Um drama com final feliz mobilizou a Região dos Lagos do Rio de Janeiro no último domingo (11). Miguel Torquato do Nascimento, de 10 anos, foi encontrado com vida após passar cerca de oito horas à deriva no mar, depois de desaparecer durante um passeio de caiaque na Praia do Sudoeste, em São Pedro da Aldeia.

O desaparecimento e as condições do mar

O incidente aconteceu durante um passeio em família. Miguel utilizava um caiaque particular, que não era de uma empresa especializada, e não havia salva-vidas no local no momento. Segundo relato do pai, Marcelo Ferreira do Nascimento, ventos fortes e uma correnteza repentina arrastaram o menino para o alto mar, longe da costa.

"Ventava muito forte e as águas ficaram bastante agitadas", contou Marcelo. A situação se tornou ainda mais crítica quando um adolescente que tentou ajudar no resgate quase se afogou e precisou desistir devido às condições perigosas do mar.
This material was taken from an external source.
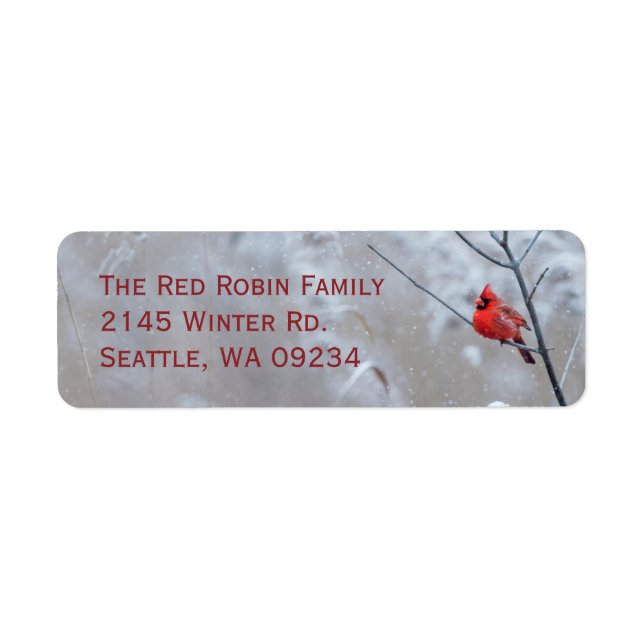 Red Robin i julen i Snö Returadress Etikett (Framsidan)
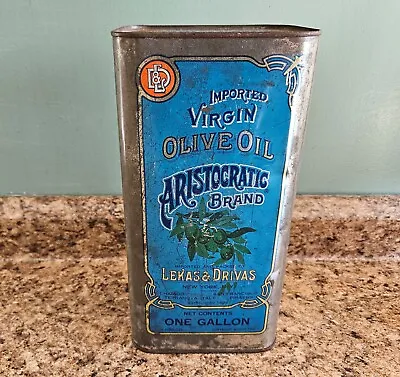 Vtg ARISTOCRATIC Virgin Olive Oil 1 Gallon Tin Can Advertising LIKAS & DRIVAS NY • $74.99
A operação de busca intensiva

As buscas pelo menino mobilizaram uma grande operação conjunta. O Corpo de Bombeiros, a Marinha do Brasil, pescadores, moradores da região e equipes com drones e embarcações participaram ativamente da procura. Com a chegada da noite, a angústia da família aumentou, pois as chances de localização diminuíam consideravelmente.

"Eu já não estava nem mais esperançoso pelo tempo que passou. Foram oito horas à deriva. A gente achou que o pior tivesse acontecido", desabafou o pai, Marcelo.

O resgate e o alívio

O ponto de virada ocorreu quando Miguel, já na área de Arraial do Cabo, conseguiu se aproximar da faixa de areia. Ao avistar um bombeiro em um jet ski, o menino gritou por ajuda e foi finalmente resgatado. Ele foi levado inicialmente para o pronto-socorro de São Pedro da Aldeia e, em seguida, encaminhado à UPA pediátrica para exames de rotina.

Felizmente, não houve necessidade de internação. "Ele está bem, graças a Deus. Foi só o susto e o trauma de ficar sozinho no mar sem saber como voltar", afirmou o pai aliviado. Miguel, que havia completado 10 anos no último dia 16 de dezembro, estava passando alguns dias na casa de parentes na cidade, pois a família mora no Rio de Janeiro.

Nas redes sociais, Marcelo expressou sua gratidão a todos os envolvidos: "Só tenho a agradecer a Deus, aos bombeiros, à Marinha, aos pescadores, moradores, velejadores, equipes de jet ski e a todos que ficaram conosco até o desfecho. Nosso Miguel está vivo." O caso serve como um alerta sobre a importância da segurança em atividades aquáticas, especialmente com crianças e em embarcações não profissionais.